Qualcosa alla base di “Pacific Rim – La Rivolta” non funziona, il film diretto da Steven S. DeKnight (qui al suo esordio cinematografico) è un fallimento totale qualsiasi fosse l’ambizione di partenza (che è sicuramente quella di vendere gadget più che di realizzare un buon titolo). Seguito della pellicola diretta nel 2013 da Guillermo del Toro (La Forma dell’acqua), questo nuovo capitolo rivela ben presto il suo essere un involucro vuoto, che nemmeno per addizione di effetti speciali riesce in qualche modo a coinvolgere.
Con “Pacific Rim – La Rivolta” è palese, basti sentire il nuovo tema musicale del film a conferma di quanto segue, l’imposizione da parte dei produttori di cambiare toni e ritmi rispetto al capitolo precedente, in modo da allargare il più possibile il pubblico e garantirsi maggiori incassi in oriente (dove il primo capitolo ha incassato maggiormente). Purtroppo però una sceneggiatura a quattro mani ha portato come risultato un enorme pasticcio su tutti i livelli.
Se “Pacific Rim – La Rivolta” fosse stato una versione più in grande del primo episodio, limitandosi a una regia funzionale e di maniera, ci si troverebbe a guardare comunque un film migliore, sicuramente almeno decente.
La storia prende spunto da puntate sparse di varie anime giapponesi, senza però mai riuscire a rielaborarle in un unico plot compatto. Il risultato è una serie di eventi che funzionano meglio singolarmente piuttosto che incollati uno di seguito all’altro da un montaggio privo di ogni senso del ritmo. Questo porta a non immergere mai lo spettatore dentro lo spettacolo, mettendone in luce i difetti che durante la visione rendono sempre meno godibile quel poco di buono che la pellicola propone.
Se la storia non è credibile, va da sé che i personaggi e i loro archi narrativi non risultano solamente stereotipati, ma quasi offensivi per l’intelligenza di chi si trova a guardarli.

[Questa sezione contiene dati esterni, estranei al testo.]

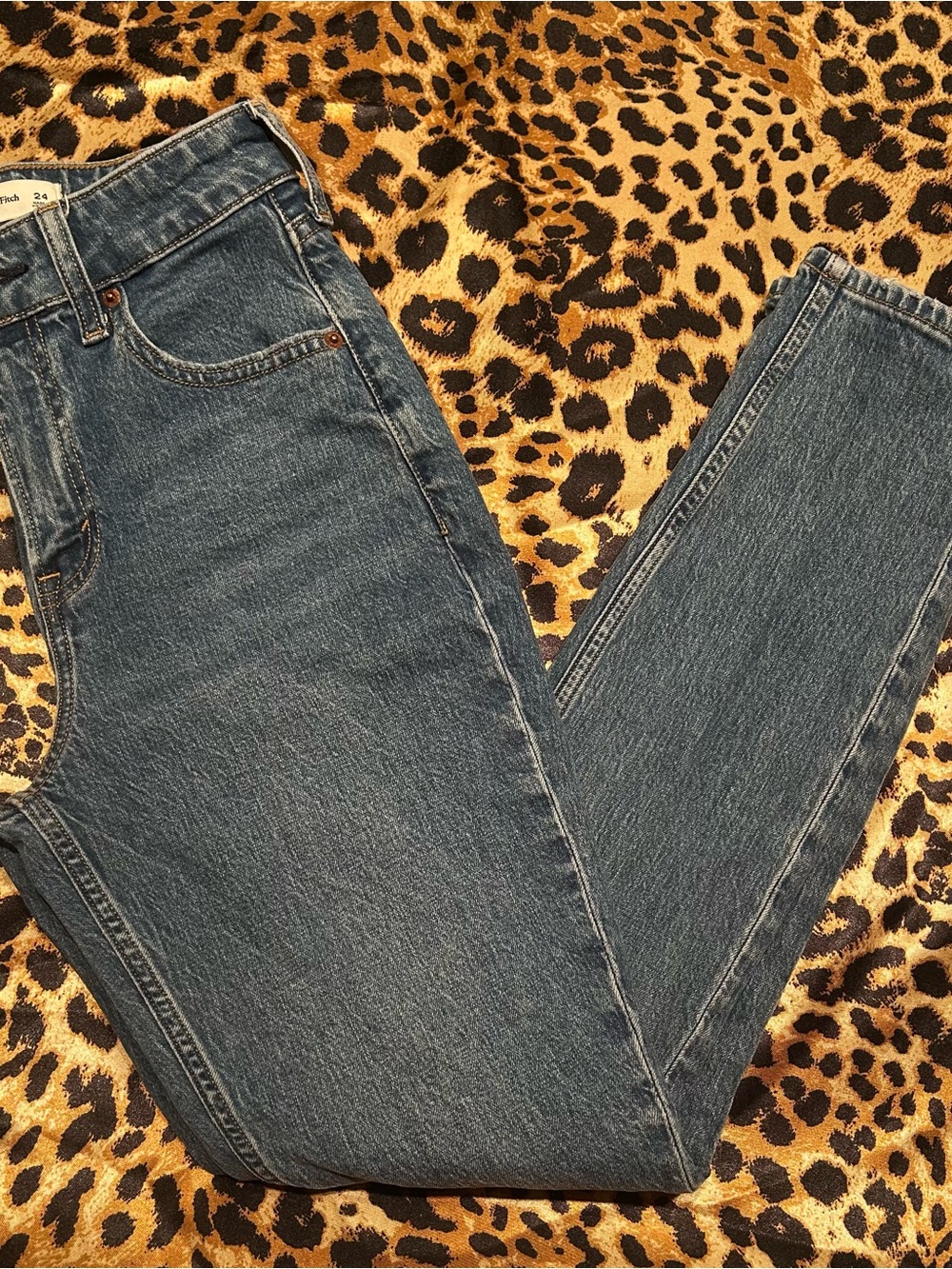 Abercrombie Curve Love High Rise Straight Jeans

Non che il primo “Pacific Rim” brillasse per originalità di storia (sempre di alieni contro robot e personaggi squadrati), però la messa in scena del regista messicano era talmente potente che almeno alla prima visione ci si immergeva nel racconto dimenticandosi qualsiasi altra cosa (da vertigini il primo tentativo di connessione dei piloti che sfocia nei ricordi d’infanzia di lei).
Questo seguito invece non riesce a trovare una sua identità (in questo senso sostituire alla fotografia Guillermo Navarro con Dan Mindel ha appiattito anche l’aspetto visivo), ma si ritrova ad essere vittima di una sceneggiatura ignobile coadiuvata da una regia indegna. Se “Pacific Rim – La Rivolta” fosse stato una versione più in grande del primo episodio, limitandosi a una regia funzionale e di maniera, ci si troverebbe a guardare comunque un film migliore, sicuramente almeno decente.

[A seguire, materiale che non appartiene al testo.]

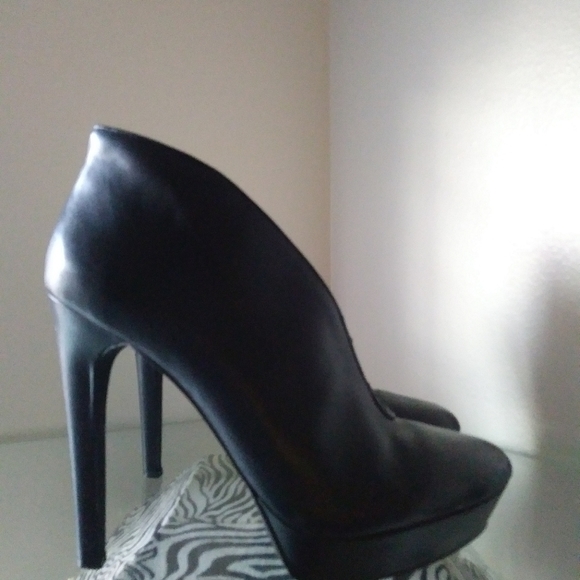 JESSICA SIMPSON booties - Picture 3 of 4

Invece questo secondo capitolo oltre ad essere, assieme agli ultimi capitoli di “Transformers”, uno dei peggiori film d’intrattenimento degli ultimi dieci anni almeno, apre una ulteriore riflessione sulla crisi che si sta abbattendo sui blockbuster americani non tratti dai fumetti. Pur essendo una immane porcheria “Pacific Rim – La Rivolta” ha il merito di farci apprezzare una volta di più il primo film della saga diretto da Guillermo del Toro. Magari però non era questo l’obbiettivo che si era prefissata la produzione quando avvallò il progetto.